Monday, July 27, 2015

New York Times editor blasts her own newspaper

This is a story about the perils of rapid-fire online journalism and the factual mistakes and cover-ups that come from it.

It was originally supposed to be a blockbuster story about a possible criminal indictment of Democratic presidential frontrunner Hillary Clinton for handling classified government information on her private email system while serving as secretary of state. That was the story the New York Times initially reported on Thursday night.

By this morning, after a series of changes in the reporting by the newspaper that only served to raise numerous questions about the facts, here was the headline in the Times:

A Clinton Story Fraught With Inaccuracies: How It Happened and What Next?

The column published under that headline was written by the Times public editor (an in-house ombudsman), Margaret Sullivan. She was clearly agitated with the way the Clinton story was handled:

The first major change was this: It wasn’t really Mrs. Clinton directly who was the focus of the request for an investigation (by the Justice Department). It was more general: whether government information was handled improperly in connection with her use of a personal email account.

Much later, The Times backed off the startling characterization of a “criminal inquiry,” instead calling it something far tamer sounding: It was a “security” referral.
 
Sullivan understandably criticized the Times reporters and editors for revising (and softening) the online story several times, without an explanation to the Times readers, before printing a retraction.
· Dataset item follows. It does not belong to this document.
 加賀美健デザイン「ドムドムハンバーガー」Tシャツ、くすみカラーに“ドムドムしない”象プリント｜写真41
A series of corrections were eventually published in the Sunday “print product” – that’s what journalists call newspapers these days.
 
Her conclusion was that the reporting and editing by her colleagues was “a mess.”
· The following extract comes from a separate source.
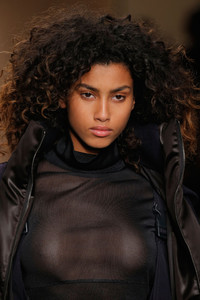 56c5ad67ab260_DKNYWomenRunwayFall2016New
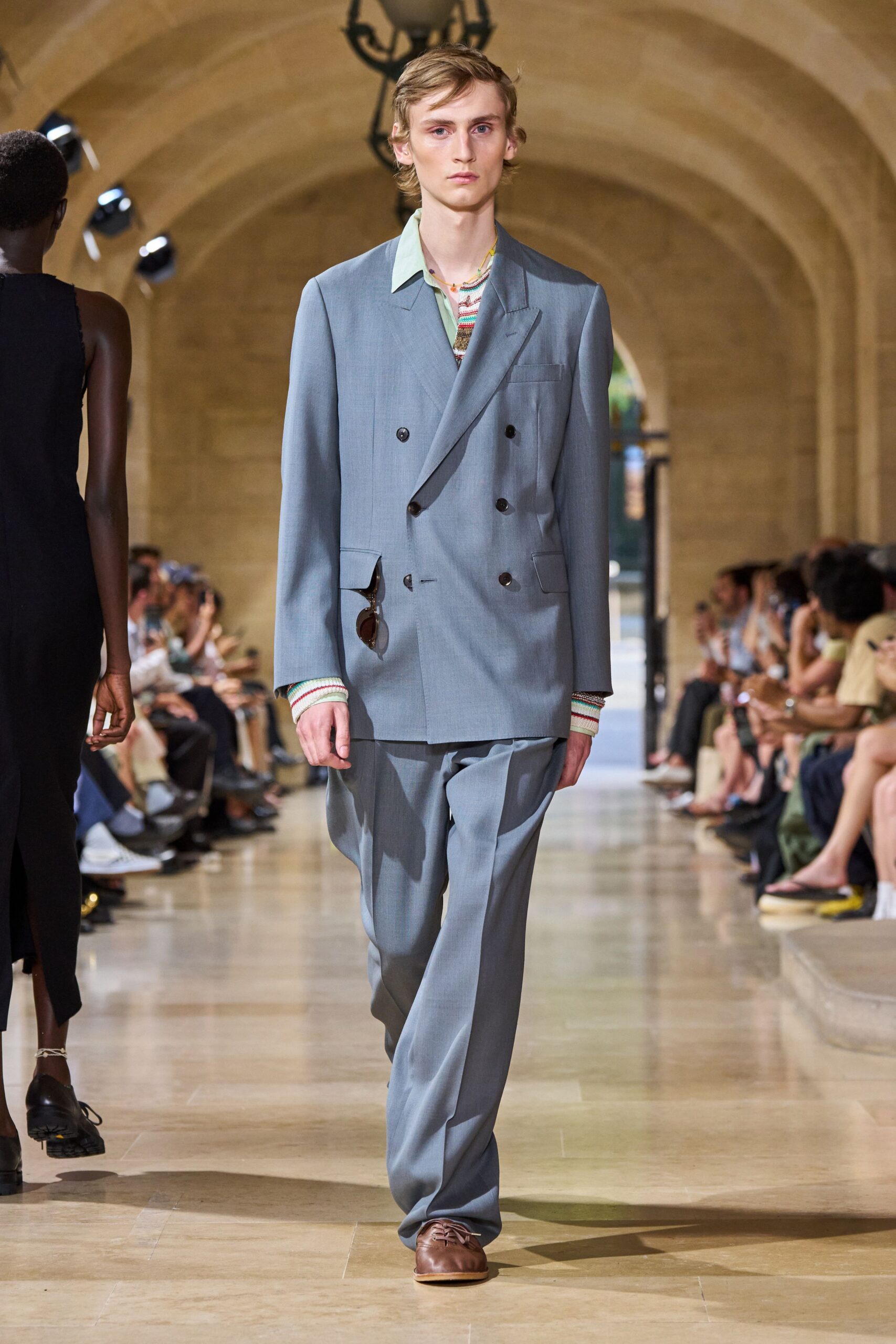 gray cotton long-sleeve collared tailored buttoned suit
There are at least two major journalistic problems here, in my view. Competitive pressure and the desire for a scoop led to too much speed and not enough caution.
… First, consider the elements. When you add together the lack of accountability that comes with anonymous sources, along with no ability to examine the referral itself (to the Justice Department), and then mix in the ever-faster pace of competitive reporting for the web, you’ve got a mistake waiting to happen. Or, in this case, several mistakes.
Reporting a less sensational version of the story, with a headline that did not include the word “criminal,” and continuing to develop it the next day would have been a wise play. Better yet: Waiting until the next day to publish anything at all.

What this essentially represents is an attitude among many online-obsessed editors these days that if you scoop your competitors by a few hours – or even 10 or 20 minutes – that’s a journalistic victory. On Twitter, the scoops sometimes consist of beating the competition by a minute or two, or even 20 or 30 seconds.
There are editors out there who live by the mantra that “the Internet is self-correcting,” meaning that the Times’ method in this case of on-the-fly, unexplained changes in the story is considered acceptable in some newsrooms.

To be fair, the Times reporters apparently got bamboozled by some anonymous sources with bad information. Some other publications who were chasing the supposed Times scoop on Friday morning were also told, incorrectly, that the Justice Department was mulling a criminal inquiry of the Clinton emails.  

But Sullivan, the public editor, issued this warning to her colleagues:
You can’t put stories like this back in the bottle – they ripple through the entire news system.

In the end, this was not just a story about a botched newspaper/website article. This was a cautionary tale about the current state of journalism.